Un gender gap chez les jeunes
On note en effet un gender gap significatif dans les choix politiques des plus jeunes : les femmes penchent de plus en plus à gauche, alors que les hommes sont davantage, quoique de manière moins marquée, tentés par les idées conservatrices. Ajoutons que les deux tiers des diplômés du supérieur sont des femmes et que les jeunes hommes qui n’envisagent pas d’aller à l’université sont plus susceptibles de se dire conservateurs que ceux qui veulent faire des études. La campagne de Joe Biden et Kamala Harris multiplie d’ailleurs les messages sur la défense de l’avortement, de la contraception, de l’accès à la PMA et plus globalement les droits des femmes, y compris sur le plan économique. A contrario, les normes masculinistes, la violence verbale, le sentiment de déclassement économique, gros marqueurs du trumpisme, éloignent les jeunes femmes du vote républicain mais séduisent certaines catégories de jeunes hommes.

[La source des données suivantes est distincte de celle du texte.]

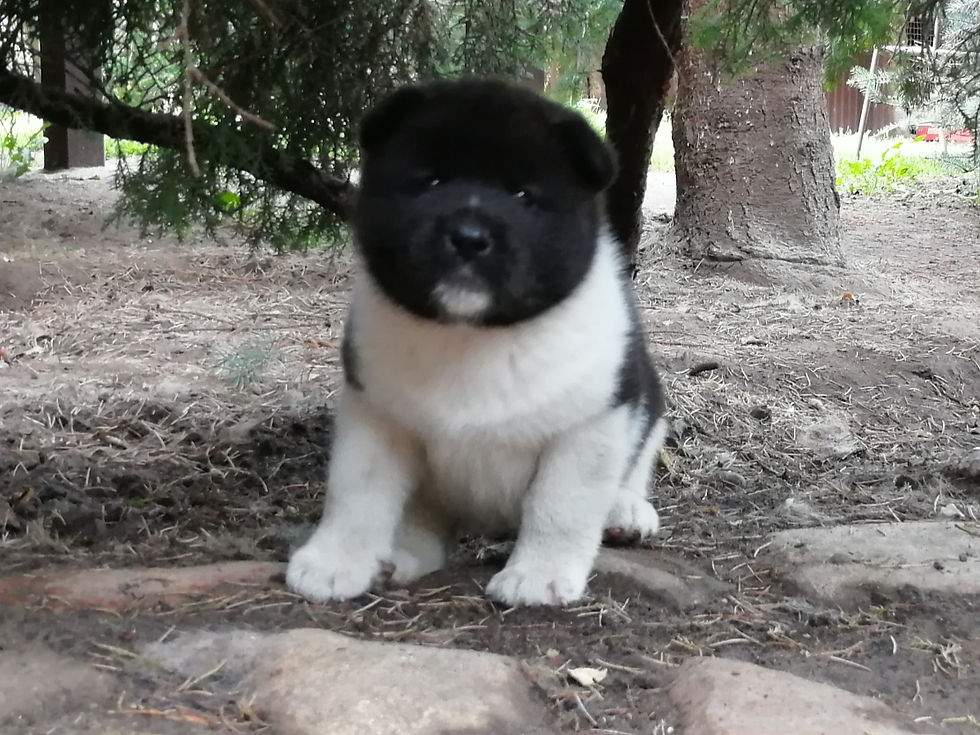 INGA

Afin d’attirer, ou d’attirer de nouveau à lui les électeurs hispaniques, surtout après sa politique de lutte contre l’immigration irrégulière à la frontière Sud qui déplaît à son aile gauche, Biden a par ailleurs adopté un vaste programme de légalisation des conjoints et des beaux-enfants de citoyennes et citoyens américains : possibilité de résider de façon permanente aux Etats-Unis, obtention d’une green card, etc. Il s’agit du plus vaste effort en faveur des clandestins depuis le programme Daca (Deferred Action for Childhood Arrivals) de Barack Obama en 2012, qui protège les illegals arrivés aux Etats-Unis alors qu’ils étaient mineurs, en leur permettant de faire des études puis de travailler.

Au final, dire que « les jeunes » ne votent plus Biden est une affirmation hâtive. La situation est bien plus complexe et, surtout, beaucoup d’inconnues, dont le niveau de participation, persistent à cinq mois de l’échéance. Décidément, rien n’est fait dans cette élection.

Par Marie-Cécile Naves pour Le Nouvel Obs.